Image-caption web data →
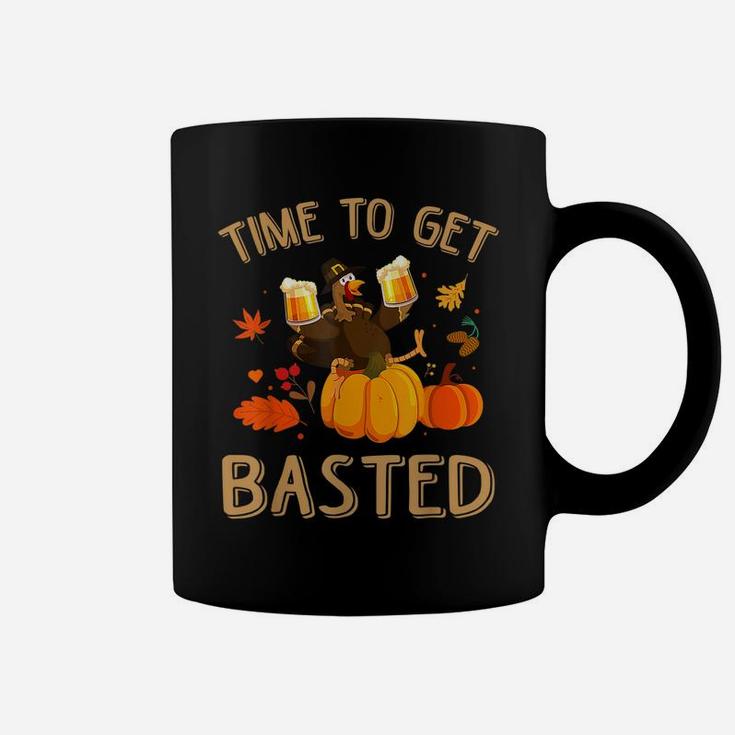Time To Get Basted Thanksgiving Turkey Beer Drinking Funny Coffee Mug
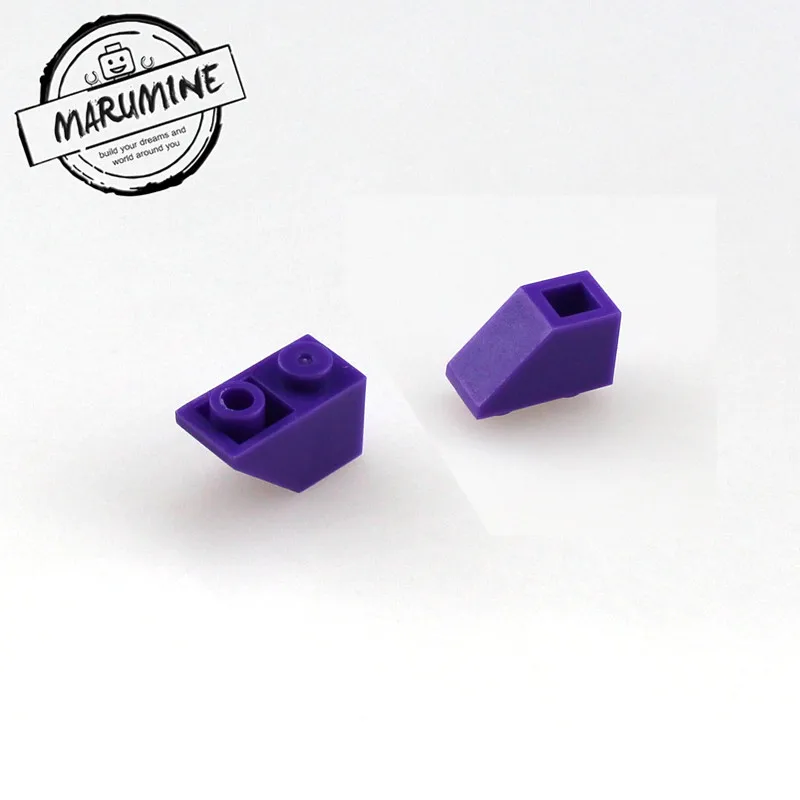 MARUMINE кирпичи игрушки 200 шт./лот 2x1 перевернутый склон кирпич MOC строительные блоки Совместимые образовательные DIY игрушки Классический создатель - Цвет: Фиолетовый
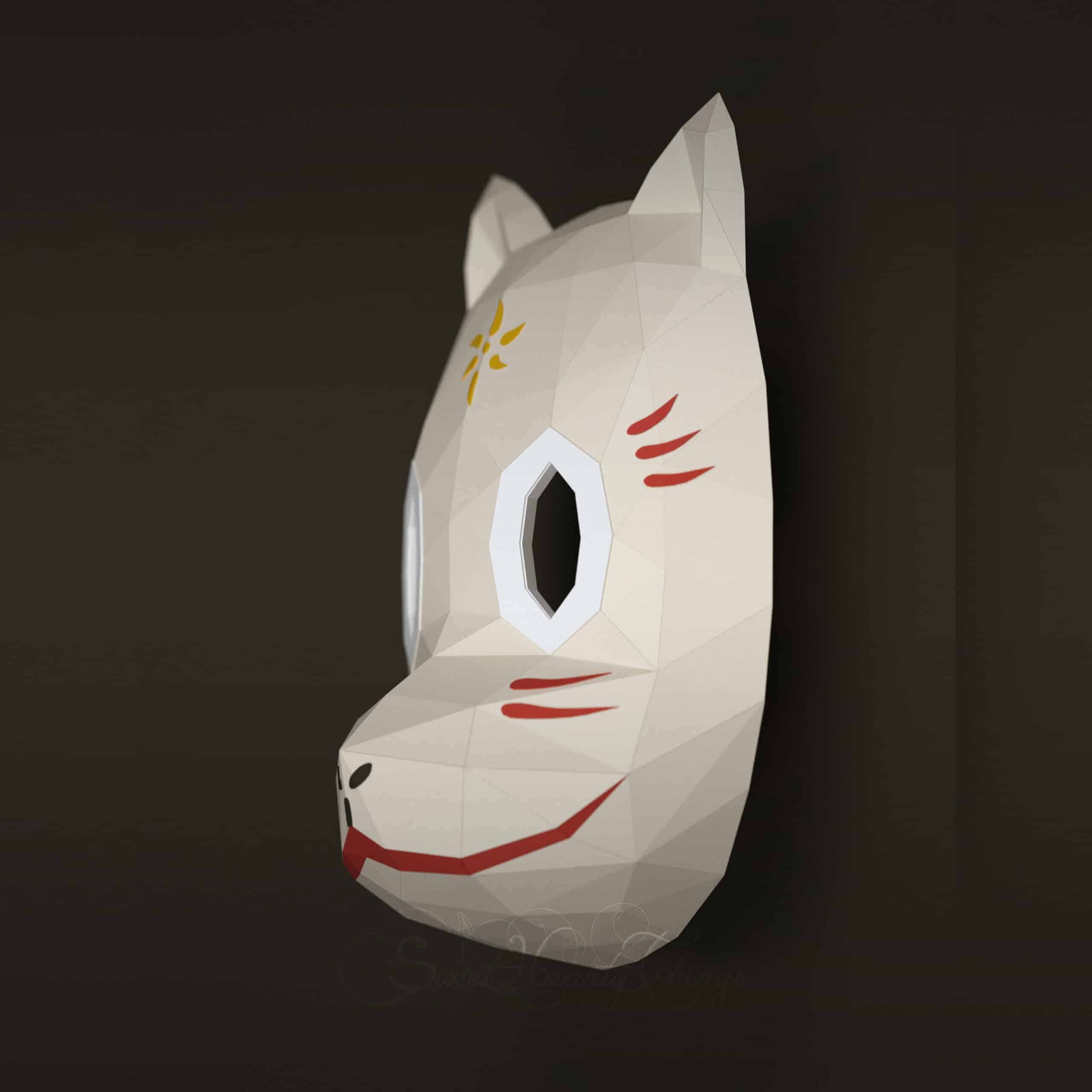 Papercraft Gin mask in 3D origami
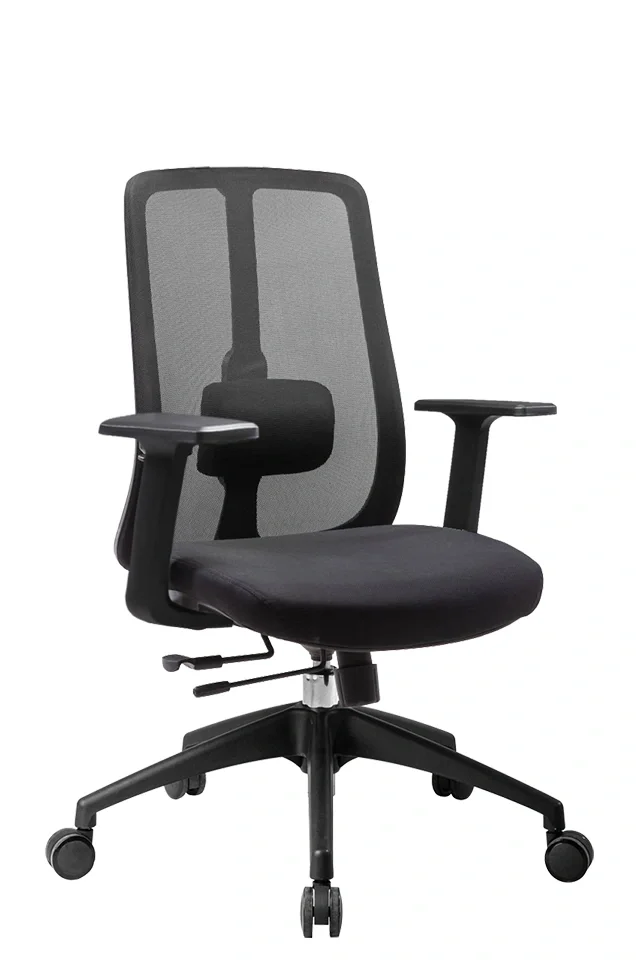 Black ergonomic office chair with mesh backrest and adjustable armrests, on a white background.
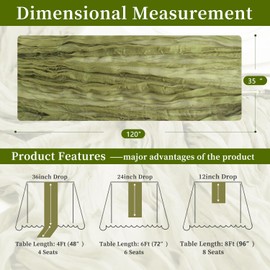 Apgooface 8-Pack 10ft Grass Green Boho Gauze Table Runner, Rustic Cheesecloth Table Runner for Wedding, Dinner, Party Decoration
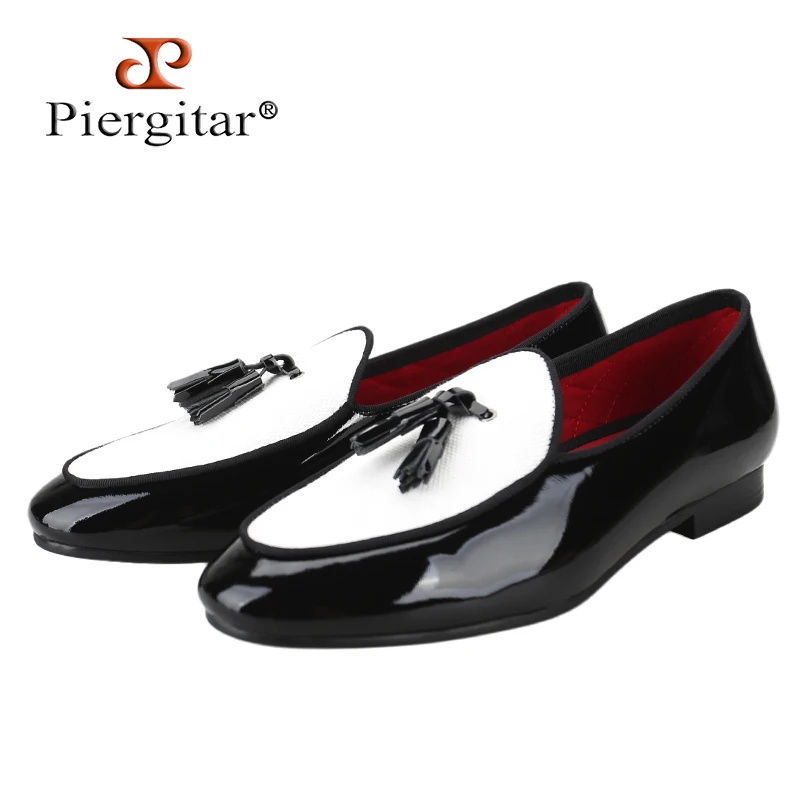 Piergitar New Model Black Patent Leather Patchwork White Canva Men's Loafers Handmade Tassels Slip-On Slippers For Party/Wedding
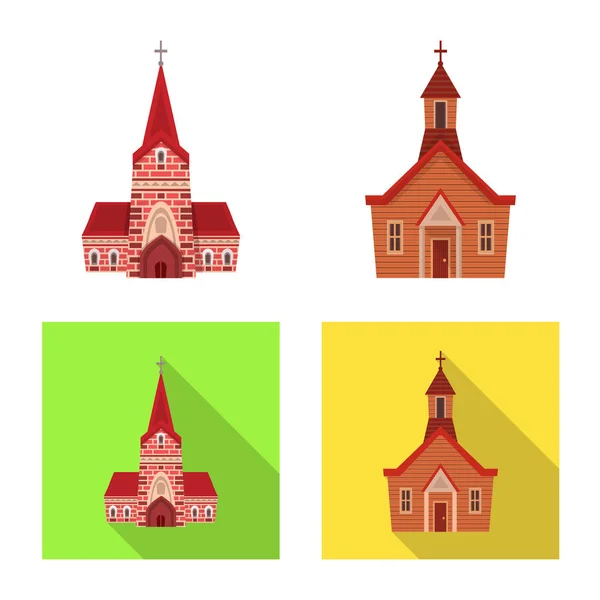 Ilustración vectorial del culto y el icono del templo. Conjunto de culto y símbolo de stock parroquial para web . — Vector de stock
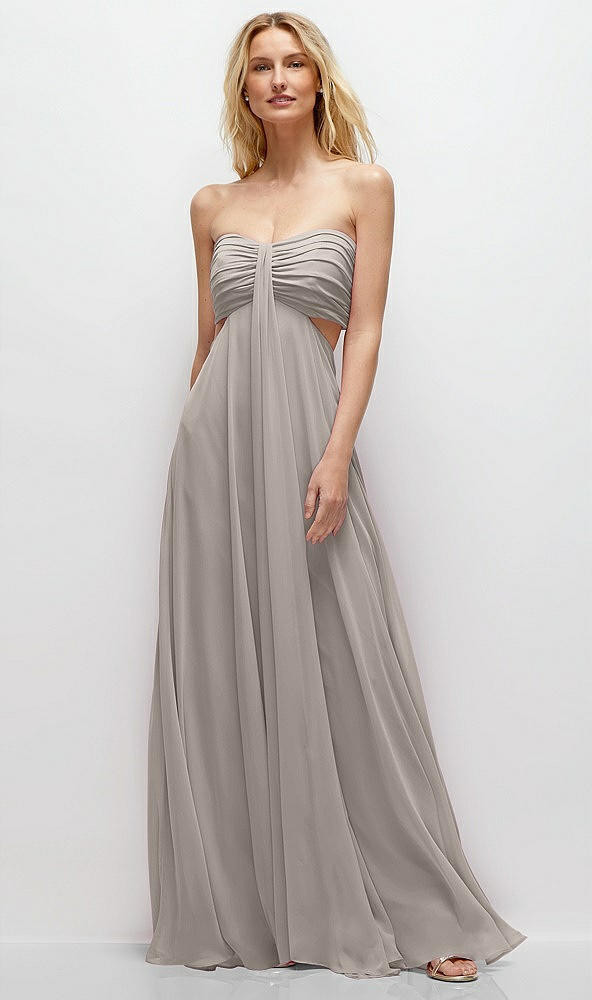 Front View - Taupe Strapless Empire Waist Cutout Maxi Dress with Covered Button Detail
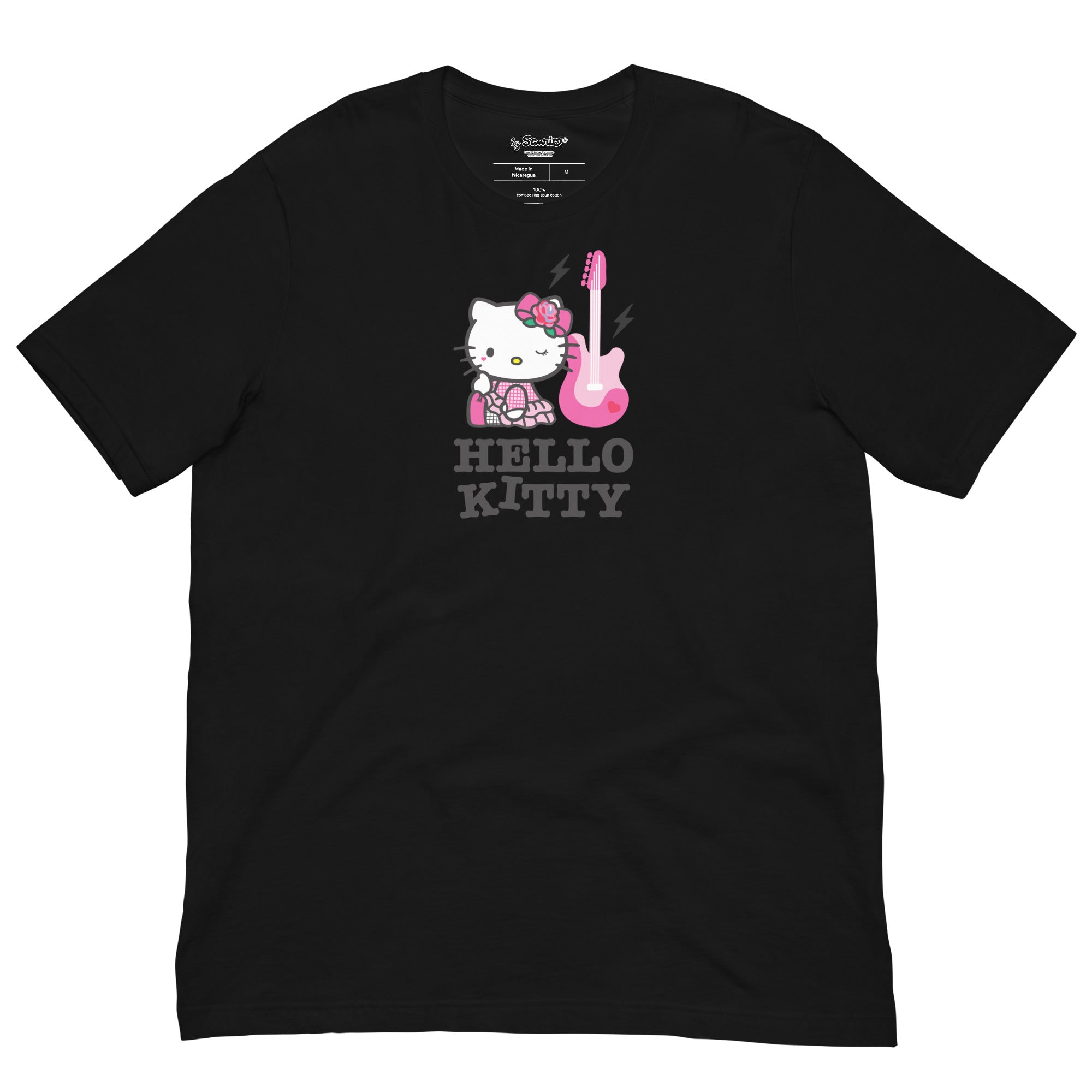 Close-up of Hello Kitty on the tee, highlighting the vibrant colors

Exercise → Only the lines from the first line of the entries through the line containing "Apgooface 8-Pack 10ft" should be output, exactly as they are, without pictures.

Response area →
Time To Get Basted Thanksgiving Turkey Beer Drinking Funny Coffee Mug
 MARUMINE кирпичи игрушки 200 шт./лот 2x1 перевернутый склон кирпич MOC строительные блоки Совместимые образовательные DIY игрушки Классический создатель - Цвет: Фиолетовый
 Papercraft Gin mask in 3D origami
 Black ergonomic office chair with mesh backrest and adjustable armrests, on a white background.
 Apgooface 8-Pack 10ft Grass Green Boho Gauze Table Runner, Rustic Cheesecloth Table Runner for Wedding, Dinner, Party Decoration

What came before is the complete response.